С продвижением проекта «Аави», потребность в конструкторах начала катастрофически увеличиваться. В поисках специалистов, мы стали обращаться в центры абсорбции, на курсы изучения иврита. Мы «снимали» людей прямо с трапа самолёта, приземлявшегося в Израиле. Большая часть инженеров-проектировщиков были из бывших граждан СССР. Часть из них, попадая к нам, не знали ни иврита, ни английского, и мне приходилось объяснять им работу по-русски. Мы объявили набор иностранных специалистов. В западном авиационном мире существует группа кочующих специалистов-проектировщиков. Эти люди называются «Job shoppers». Они имеют свой союз и работают в разных местах мира по найму. Их услуги требуются тогда, когда проектируется новый самолёт и в период пиковой нагрузки не хватает постоянных работников. Я интервьюировал многих из них перед принятием на работу. Среди них встречал конструкторов, знакомых мне ещё по работе на «Вествинде». Набрали около ста таких специалистов. Когда закончилось проектирование самолёта, наша инженерная группа уже состояла из 3000 инженеров и техников. Были расширены технические лаборатории. Полным ходом работала аэродинамическая труба. Созданы испытательные стенды для проверки самолётных систем, для усталостных испытаний корпуса самолёта и его крыла. Было чем гордиться нашему Концерну!
Одним из важнейших административных введений — создание категорий оплаты, так называемый «мехкар» (исследователь-учёный). Существовало несколько ступеней «мехкара», и идея его состояла в решении проблемы оплаты хороших специалистов, которые не могут или не хотят быть «начальниками». Кандидат на степень исследователя, специализирующийся в определённой области, представлял свою практическую работу на рассмотрение комиссии (это равносильно внутризаводской защите диссертации на кандидатскую или докторскую научную степень). Работа должна быть выполнена в рамках Концерна и представлять собой научную или техническую ценность. В случае присвоения такой степени, работнику назначалась персональная зарплата и дополнительные социальные условия. Всё это сохранялась за ним до пенсии, независимо от занимаемой должности.
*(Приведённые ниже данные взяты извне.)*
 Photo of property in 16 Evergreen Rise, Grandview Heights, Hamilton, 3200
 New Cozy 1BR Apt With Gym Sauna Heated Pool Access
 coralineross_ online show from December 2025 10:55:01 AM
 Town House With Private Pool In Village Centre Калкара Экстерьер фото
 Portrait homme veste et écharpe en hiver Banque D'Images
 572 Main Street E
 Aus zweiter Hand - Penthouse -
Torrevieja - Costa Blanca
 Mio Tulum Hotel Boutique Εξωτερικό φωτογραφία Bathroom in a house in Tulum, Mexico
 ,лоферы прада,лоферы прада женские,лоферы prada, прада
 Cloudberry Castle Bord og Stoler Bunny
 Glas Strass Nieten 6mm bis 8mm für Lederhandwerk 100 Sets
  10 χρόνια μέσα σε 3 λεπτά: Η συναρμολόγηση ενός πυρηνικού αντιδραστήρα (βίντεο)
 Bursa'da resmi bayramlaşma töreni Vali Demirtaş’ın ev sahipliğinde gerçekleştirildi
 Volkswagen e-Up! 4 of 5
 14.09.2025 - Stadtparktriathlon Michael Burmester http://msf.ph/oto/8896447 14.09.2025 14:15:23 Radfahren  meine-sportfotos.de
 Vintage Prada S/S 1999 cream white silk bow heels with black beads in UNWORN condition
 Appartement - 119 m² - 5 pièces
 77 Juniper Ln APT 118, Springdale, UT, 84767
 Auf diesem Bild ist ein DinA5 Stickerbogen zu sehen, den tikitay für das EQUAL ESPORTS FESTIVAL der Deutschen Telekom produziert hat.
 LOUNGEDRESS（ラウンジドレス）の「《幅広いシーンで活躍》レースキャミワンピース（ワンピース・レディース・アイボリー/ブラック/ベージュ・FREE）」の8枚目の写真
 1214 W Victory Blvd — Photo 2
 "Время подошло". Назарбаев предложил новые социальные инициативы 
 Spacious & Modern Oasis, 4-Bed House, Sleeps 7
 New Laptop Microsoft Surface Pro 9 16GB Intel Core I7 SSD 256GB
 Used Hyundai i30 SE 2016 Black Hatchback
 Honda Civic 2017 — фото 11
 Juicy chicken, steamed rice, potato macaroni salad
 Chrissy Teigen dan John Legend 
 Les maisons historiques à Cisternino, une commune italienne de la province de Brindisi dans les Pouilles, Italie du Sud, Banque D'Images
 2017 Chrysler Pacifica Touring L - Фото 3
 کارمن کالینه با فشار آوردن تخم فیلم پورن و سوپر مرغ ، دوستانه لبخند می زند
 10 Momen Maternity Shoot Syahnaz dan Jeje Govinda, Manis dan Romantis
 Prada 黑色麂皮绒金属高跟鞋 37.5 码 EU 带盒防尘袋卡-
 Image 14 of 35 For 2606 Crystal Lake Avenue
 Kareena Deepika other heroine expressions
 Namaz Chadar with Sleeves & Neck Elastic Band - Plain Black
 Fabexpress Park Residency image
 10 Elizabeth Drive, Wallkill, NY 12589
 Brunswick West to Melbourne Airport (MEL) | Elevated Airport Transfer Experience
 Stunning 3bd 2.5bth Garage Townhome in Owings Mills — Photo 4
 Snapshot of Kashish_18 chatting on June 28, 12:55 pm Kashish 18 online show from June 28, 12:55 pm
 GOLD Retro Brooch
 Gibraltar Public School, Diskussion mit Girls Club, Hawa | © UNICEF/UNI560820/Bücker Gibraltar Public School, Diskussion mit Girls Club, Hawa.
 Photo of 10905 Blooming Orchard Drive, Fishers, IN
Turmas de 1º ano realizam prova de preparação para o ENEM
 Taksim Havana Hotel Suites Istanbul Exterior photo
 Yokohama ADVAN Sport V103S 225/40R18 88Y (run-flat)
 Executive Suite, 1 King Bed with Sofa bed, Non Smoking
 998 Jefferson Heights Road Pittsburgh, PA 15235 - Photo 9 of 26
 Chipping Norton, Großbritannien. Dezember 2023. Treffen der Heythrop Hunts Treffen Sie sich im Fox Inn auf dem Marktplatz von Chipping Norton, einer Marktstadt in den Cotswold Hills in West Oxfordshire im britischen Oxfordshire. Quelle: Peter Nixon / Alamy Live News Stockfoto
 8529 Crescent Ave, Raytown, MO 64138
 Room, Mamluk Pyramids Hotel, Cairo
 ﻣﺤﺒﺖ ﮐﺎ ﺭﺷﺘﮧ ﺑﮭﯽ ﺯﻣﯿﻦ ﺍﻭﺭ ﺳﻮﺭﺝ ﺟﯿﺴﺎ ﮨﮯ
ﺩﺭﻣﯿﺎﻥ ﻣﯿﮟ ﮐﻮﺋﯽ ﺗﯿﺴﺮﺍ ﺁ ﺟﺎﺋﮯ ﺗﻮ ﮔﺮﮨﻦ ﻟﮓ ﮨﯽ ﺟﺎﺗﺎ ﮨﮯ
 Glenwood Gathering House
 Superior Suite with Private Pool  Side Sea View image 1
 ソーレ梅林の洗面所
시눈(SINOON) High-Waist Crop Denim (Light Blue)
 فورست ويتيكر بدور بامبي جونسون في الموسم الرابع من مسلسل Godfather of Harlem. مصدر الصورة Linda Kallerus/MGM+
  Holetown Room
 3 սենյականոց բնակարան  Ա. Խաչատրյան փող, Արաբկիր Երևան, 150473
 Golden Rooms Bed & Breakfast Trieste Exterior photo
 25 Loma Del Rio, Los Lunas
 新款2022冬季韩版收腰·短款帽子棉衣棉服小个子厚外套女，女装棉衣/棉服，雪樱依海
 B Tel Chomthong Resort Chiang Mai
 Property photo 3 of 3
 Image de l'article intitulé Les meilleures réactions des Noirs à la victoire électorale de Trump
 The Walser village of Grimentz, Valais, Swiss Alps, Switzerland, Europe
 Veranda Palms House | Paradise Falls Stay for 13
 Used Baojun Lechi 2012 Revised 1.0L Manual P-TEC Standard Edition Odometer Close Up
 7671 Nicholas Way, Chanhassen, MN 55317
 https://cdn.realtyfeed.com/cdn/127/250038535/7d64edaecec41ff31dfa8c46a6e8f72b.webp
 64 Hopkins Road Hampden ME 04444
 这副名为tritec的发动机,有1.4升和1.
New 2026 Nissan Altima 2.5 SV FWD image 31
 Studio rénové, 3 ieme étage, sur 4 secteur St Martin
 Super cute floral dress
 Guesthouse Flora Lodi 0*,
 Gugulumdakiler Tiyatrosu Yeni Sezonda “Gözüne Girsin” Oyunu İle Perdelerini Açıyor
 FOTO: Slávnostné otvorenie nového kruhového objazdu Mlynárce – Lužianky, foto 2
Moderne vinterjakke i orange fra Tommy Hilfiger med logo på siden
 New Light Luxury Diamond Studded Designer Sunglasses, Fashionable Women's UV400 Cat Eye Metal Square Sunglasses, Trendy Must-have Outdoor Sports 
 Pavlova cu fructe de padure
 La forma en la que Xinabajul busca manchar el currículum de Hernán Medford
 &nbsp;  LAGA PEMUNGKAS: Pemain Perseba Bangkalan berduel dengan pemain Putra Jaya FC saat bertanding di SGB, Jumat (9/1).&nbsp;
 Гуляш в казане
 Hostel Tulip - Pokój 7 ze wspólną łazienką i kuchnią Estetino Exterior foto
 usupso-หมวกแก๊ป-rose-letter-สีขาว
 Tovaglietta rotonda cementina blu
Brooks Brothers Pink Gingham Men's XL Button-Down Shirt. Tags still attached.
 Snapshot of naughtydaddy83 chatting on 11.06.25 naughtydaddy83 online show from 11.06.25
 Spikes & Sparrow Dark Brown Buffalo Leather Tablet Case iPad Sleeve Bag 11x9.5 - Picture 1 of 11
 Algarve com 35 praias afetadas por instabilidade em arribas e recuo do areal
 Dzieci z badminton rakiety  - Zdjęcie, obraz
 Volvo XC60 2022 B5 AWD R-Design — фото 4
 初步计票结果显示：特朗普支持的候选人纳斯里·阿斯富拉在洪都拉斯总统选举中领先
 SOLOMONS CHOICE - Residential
Отпадала необходимость становиться «начальником» и двигаться по служебной лестнице для повышения своей зарплаты. Эта система позволила задействовать на рабочих местах крупнейших и уникальных специалистов.
Работа на «Лави» наложила на нас особые требования секретности. Несомненно, что друзья-американцы проявляли большой интерес к тому, что творится у нас за закрытыми дверьми. Бывшая родина, СССР, также проявляла особый интерес к нам и к нашему творению. Ходило много разных слухов по миру и все хотели знать, что же «эти евреи там творят». Насколько я знаю, во время проектирования самолёта информация особо не просачивалась.
Промелькнула газетная статья о задержании двух наших соотечественников за шпионаж, но они работали довольно далеко от центра нахождения информации.
Многие, принятые в то время на работу русскоязычные инженеры, ещё не имели допуска. Они сидели в отдельной комнате, а я выносил им туда работу, ставил задачу и объяснял, как это нужно сделать. Всё это делалось осторожно, не касаясь тематики и данных, которые они не должны знать до получения допуска. Помещения — всегда с кодовыми замками, и только некоторые конструкторы имели право посещения всех кабинетов. Ввелись строгие правила безопасности. Нам запрещалось иметь двойное гражданство, посещать посольства иностранных государств, встречаться с советскими гражданами. Запрещалось разговаривать с иностранными гражданами на профессиональные темы. Существовала ещё куча ограничений, связанных с личной безопасностью. Нам всё это было понятно, мы имели соответствующий опыт работы в СССР и эти ограничения соблюдали.